Supplied records
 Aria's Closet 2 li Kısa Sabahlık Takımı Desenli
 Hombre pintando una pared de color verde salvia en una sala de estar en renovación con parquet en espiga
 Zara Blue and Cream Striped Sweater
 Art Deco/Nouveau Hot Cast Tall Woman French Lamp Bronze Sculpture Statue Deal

--

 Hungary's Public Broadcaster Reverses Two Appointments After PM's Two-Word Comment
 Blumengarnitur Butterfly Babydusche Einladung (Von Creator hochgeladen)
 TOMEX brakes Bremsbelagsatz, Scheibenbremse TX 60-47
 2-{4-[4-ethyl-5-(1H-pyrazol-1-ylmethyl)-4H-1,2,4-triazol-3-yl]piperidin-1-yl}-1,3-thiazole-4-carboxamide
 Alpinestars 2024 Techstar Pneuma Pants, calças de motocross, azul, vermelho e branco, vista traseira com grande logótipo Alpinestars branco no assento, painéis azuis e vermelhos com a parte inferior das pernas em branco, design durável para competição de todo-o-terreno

...

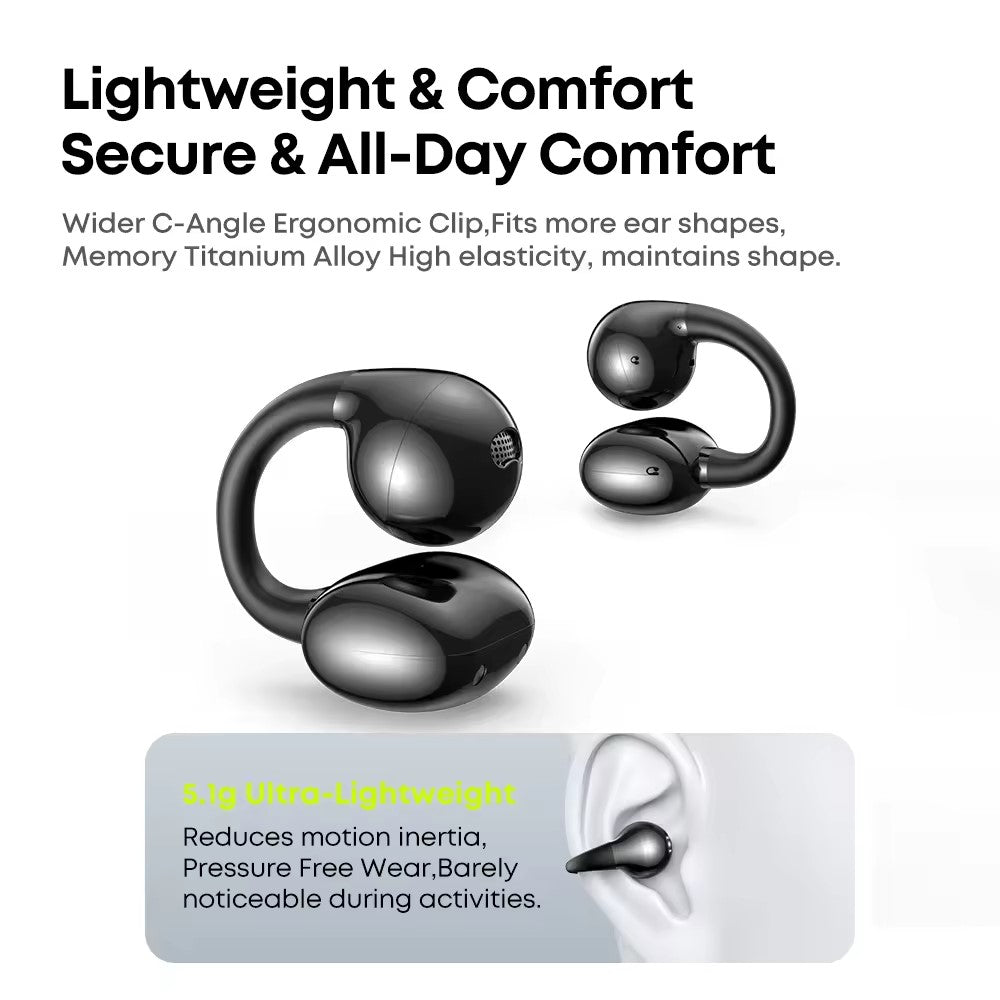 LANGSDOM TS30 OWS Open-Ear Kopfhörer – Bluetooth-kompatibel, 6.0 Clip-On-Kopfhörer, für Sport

Problem description
Taking the entries above, write out exactly each line from the one holding "Aria's Closet 2" to the one holding "Art Deco/Nouveau Hot", both included, and stop there.

Answer section
 Aria's Closet 2 li Kısa Sabahlık Takımı Desenli
 Hombre pintando una pared de color verde salvia en una sala de estar en renovación con parquet en espiga
 Zara Blue and Cream Striped Sweater
 Art Deco/Nouveau Hot Cast Tall Woman French Lamp Bronze Sculpture Statue Deal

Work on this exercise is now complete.